DETAILED DESCRIPTION

In the following descriptions, the present invention will be explained with reference to various exemplary embodiments. Nevertheless, these embodiments are not intended to limit the present invention to any specific example, environment, application, or particular implementation described herein. Therefore, descriptions of these example embodiments are only provided for purpose of illustration rather than to limit the present invention.

A first exemplary embodiment of smartglasses with a light-guiding arrangement according to the invention is described below with reference to FIGS. 1 to 4. In this case, FIG. 1 shows the smartglasses and FIG. 2 shows the essential optical elements of a light-guiding arrangement 3 of the smartglasses. Furthermore, FIG. 2 illustrates a display 1 and—highly schematically—the eye lens 15 and the retina 17 of a user of the smartglasses.

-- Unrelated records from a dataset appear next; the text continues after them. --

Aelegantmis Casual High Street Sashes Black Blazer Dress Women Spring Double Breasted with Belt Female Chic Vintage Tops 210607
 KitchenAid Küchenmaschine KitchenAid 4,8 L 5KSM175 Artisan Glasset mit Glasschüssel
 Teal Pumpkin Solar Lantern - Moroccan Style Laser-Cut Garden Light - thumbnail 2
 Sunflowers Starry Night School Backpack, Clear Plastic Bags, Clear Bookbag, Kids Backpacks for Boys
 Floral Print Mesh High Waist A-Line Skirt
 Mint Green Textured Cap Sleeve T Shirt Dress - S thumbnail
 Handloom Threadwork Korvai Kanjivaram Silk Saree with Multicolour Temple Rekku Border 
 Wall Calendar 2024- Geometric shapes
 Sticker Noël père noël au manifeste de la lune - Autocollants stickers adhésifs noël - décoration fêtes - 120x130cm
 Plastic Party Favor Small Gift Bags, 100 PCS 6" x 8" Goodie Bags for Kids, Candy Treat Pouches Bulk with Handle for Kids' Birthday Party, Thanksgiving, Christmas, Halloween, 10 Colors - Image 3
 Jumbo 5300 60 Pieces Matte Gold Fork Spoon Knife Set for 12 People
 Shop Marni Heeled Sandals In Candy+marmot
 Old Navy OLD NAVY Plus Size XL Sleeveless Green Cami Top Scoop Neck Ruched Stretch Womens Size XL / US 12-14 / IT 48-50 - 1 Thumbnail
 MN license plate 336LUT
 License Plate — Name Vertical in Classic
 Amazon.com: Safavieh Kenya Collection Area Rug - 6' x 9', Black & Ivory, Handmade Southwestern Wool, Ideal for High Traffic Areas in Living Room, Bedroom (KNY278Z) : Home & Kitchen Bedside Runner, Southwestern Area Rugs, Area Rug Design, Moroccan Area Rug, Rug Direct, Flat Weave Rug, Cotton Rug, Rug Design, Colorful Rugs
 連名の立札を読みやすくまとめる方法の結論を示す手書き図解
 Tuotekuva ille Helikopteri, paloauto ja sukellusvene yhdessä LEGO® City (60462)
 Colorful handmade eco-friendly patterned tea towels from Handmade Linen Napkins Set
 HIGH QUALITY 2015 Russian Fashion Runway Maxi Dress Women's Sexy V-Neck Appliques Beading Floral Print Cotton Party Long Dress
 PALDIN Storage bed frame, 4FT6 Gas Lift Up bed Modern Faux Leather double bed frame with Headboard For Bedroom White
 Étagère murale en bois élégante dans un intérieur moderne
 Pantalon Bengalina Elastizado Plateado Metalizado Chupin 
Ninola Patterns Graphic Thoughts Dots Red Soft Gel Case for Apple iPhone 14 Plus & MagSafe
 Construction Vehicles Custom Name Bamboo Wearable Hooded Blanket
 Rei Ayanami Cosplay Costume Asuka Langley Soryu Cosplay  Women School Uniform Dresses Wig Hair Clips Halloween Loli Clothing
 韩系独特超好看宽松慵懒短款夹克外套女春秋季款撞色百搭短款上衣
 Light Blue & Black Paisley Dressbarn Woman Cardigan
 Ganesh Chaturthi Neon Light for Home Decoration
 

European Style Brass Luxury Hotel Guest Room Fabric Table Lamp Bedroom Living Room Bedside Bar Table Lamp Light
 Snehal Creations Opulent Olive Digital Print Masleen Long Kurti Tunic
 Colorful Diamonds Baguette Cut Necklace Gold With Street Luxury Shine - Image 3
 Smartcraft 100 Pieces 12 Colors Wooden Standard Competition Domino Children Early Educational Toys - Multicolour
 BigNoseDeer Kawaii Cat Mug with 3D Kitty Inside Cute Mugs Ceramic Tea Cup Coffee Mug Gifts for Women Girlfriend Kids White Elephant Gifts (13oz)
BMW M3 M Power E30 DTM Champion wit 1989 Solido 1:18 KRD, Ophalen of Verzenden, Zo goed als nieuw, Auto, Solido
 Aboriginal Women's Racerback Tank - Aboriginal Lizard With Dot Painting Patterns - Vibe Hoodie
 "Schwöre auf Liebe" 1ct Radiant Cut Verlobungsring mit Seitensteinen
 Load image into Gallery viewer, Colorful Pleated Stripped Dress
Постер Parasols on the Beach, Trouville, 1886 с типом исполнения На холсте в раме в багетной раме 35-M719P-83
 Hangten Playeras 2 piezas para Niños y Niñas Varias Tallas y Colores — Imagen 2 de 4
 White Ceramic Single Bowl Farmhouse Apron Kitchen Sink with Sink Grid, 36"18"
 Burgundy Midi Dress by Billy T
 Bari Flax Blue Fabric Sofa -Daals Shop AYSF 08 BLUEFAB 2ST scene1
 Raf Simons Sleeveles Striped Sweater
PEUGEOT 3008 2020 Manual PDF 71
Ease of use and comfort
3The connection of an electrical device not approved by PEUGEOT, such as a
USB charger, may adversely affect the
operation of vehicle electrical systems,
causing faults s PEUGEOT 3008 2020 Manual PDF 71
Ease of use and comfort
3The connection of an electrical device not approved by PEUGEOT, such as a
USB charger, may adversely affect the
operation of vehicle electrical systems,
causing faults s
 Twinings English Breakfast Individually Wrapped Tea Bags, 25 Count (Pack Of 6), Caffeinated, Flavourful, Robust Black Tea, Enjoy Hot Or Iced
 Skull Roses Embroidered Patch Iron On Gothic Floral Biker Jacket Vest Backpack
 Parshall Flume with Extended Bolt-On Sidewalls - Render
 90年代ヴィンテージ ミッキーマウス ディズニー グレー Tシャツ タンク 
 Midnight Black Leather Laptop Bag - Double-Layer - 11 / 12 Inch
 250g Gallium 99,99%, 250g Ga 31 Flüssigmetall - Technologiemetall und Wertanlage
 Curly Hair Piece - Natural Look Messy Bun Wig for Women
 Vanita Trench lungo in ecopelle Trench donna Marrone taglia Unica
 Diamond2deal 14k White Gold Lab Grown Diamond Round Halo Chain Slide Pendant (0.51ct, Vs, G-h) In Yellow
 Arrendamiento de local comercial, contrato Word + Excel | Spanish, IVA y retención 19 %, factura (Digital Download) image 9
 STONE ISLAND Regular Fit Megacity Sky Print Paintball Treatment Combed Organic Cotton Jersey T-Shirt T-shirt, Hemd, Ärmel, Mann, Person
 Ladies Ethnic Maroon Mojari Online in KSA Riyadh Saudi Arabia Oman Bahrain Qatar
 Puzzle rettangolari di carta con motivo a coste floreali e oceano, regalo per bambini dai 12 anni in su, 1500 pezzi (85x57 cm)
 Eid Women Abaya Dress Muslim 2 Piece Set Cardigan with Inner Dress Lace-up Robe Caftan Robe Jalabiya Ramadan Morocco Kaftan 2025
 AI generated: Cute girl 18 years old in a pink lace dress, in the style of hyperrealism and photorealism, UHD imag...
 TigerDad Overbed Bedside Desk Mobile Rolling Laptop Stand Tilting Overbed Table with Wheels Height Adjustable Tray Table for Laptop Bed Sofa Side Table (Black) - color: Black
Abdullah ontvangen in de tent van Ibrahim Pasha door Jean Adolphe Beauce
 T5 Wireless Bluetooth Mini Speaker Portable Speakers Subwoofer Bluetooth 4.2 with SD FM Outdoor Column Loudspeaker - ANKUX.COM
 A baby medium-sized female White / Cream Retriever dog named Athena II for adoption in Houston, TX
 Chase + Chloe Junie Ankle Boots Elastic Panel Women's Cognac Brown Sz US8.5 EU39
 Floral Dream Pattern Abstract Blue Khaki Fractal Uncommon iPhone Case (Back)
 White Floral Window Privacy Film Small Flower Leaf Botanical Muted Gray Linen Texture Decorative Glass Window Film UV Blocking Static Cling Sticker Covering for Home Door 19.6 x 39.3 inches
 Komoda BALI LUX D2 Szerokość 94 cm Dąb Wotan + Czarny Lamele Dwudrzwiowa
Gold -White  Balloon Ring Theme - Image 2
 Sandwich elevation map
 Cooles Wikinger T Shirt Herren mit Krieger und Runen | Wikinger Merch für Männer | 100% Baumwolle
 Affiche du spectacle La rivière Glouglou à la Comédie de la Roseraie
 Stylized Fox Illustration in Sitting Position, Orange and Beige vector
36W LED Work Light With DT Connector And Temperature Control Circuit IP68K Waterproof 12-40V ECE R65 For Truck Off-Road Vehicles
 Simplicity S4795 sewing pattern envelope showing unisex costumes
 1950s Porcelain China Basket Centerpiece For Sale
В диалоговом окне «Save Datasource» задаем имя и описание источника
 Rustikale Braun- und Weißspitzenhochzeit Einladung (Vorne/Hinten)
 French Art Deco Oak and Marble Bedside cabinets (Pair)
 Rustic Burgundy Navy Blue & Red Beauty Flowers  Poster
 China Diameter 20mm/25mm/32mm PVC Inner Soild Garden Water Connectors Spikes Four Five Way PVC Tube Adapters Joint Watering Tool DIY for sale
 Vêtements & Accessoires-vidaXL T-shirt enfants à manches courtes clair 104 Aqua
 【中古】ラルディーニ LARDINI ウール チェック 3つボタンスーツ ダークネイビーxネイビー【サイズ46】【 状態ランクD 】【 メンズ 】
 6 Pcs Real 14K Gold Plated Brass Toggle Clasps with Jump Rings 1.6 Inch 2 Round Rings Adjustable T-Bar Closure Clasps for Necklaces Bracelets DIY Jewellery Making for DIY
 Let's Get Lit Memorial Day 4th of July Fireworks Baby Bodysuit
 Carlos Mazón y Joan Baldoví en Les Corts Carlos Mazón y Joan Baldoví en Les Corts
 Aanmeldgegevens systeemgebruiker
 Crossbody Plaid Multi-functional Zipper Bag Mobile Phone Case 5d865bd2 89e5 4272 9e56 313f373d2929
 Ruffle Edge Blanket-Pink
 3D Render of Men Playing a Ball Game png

FIG. 1 shows one exemplary embodiment of smartglasses 20. The smartglasses comprise a spectacle frame 21, into which two spectacle lenses 22 and 23 are mounted. Displays (not illustrated in FIG. 1) are arranged in the spectacle earpieces, said displays displaying original images that are intended to be imaged onto the retina of the user of the smartglasses by means of an imaging optical unit of the smartglasses 20. In the present exemplary embodiment, the imaging optical unit of the smartglasses 20 is formed by the spectacle lenses 22 and 23, which simultaneously serve as optical waveguides. However, the imaging optical unit can also comprise optical elements outside the spectacle lenses. Such elements would be arranged in particular between the spectacle earpieces 24, 25 and the spectacle lenses 22, 23.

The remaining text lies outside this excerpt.